L'Explication Prémisse
Cet article dit que, si c'est nécessaire pour protéger l'enfant, le juge peut décider qu'un seul des parents exerce effectivement l'autorité parentale (c’est‑à‑dire prend les décisions importantes et a la charge quotidienne). Mais cela n’enlève pas automatiquement tous les droits à l'autre parent : le droit de visite et d’hébergement ne peut être refusé que pour des raisons graves. Pour garantir que les liens entre l'enfant et l'autre parent restent réels et sûrs, le juge peut organiser les rencontres dans un lieu spécialisé (espace de rencontre) ou imposer des conditions de remise (présence d’un tiers, d’une personne morale qualifiée) lorsqu’il y a un risque.

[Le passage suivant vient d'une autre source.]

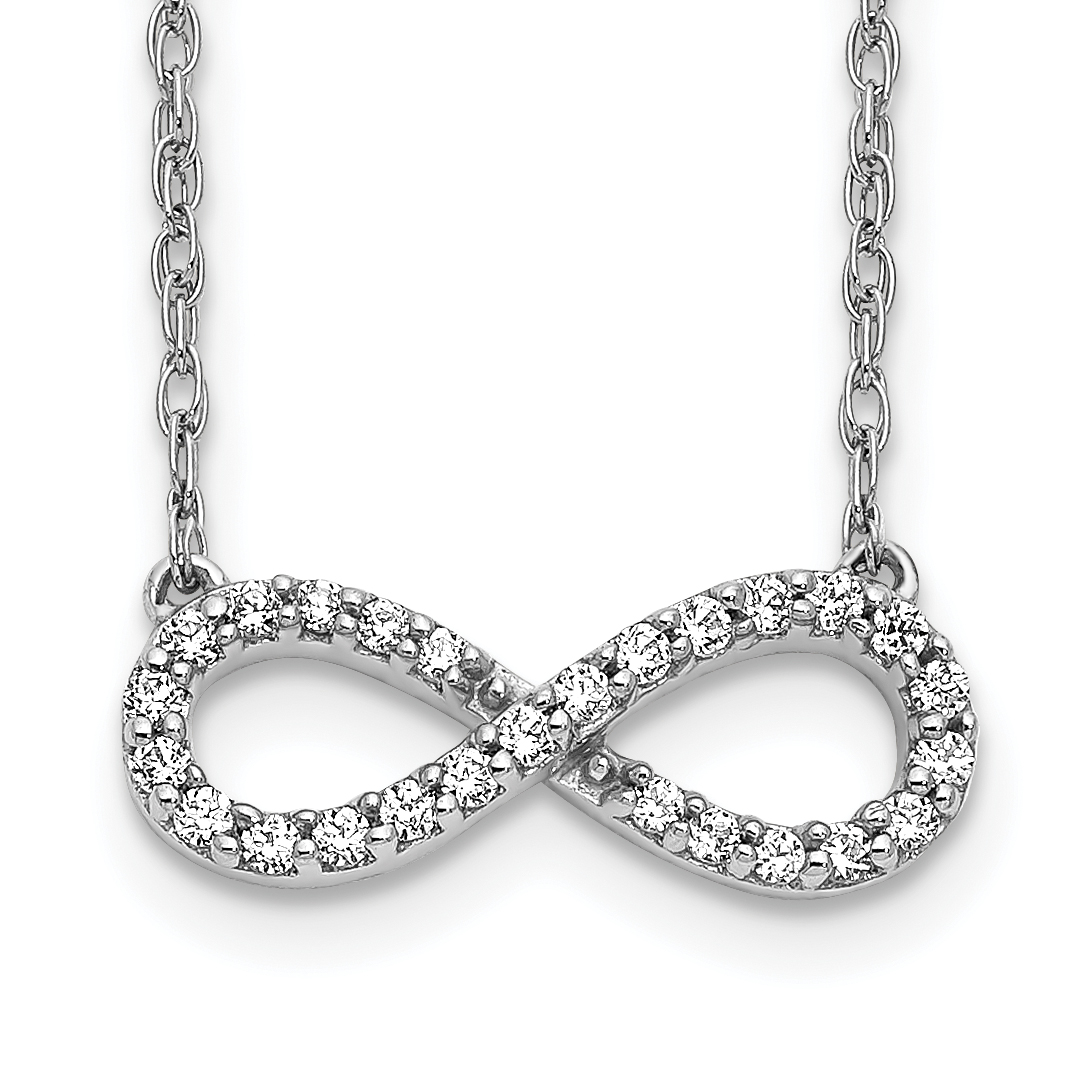 10k White Gold Polished Diamond Infinity Symbol 18 inch Necklace (PM4688-016-1WA)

Enfin, le parent qui n’exerce pas l’autorité parentale conserve le devoir et le droit de suivre l’éducation et l’entretien de l’enfant et doit être tenu informé des décisions importantes le concernant ; il doit aussi respecter ses obligations de contribution (article 371‑2).
Marie et Paul divorcent. Parce que Paul a eu des comportements violents, le juge confie l’exercice de l’autorité parentale à Marie pour protéger leur fille Léa. Paul garde un droit de visite, mais ses rencontres avec Léa se déroulent dans un espace de rencontre supervisé et les remises se font en présence d’un intervenant, afin d’éviter tout risque. Marie informe Paul des choix importants (scolarité, soins médicaux) et Paul continue à contribuer à l’entretien et à l’éducation de Léa comme prévu à l’article 371‑2.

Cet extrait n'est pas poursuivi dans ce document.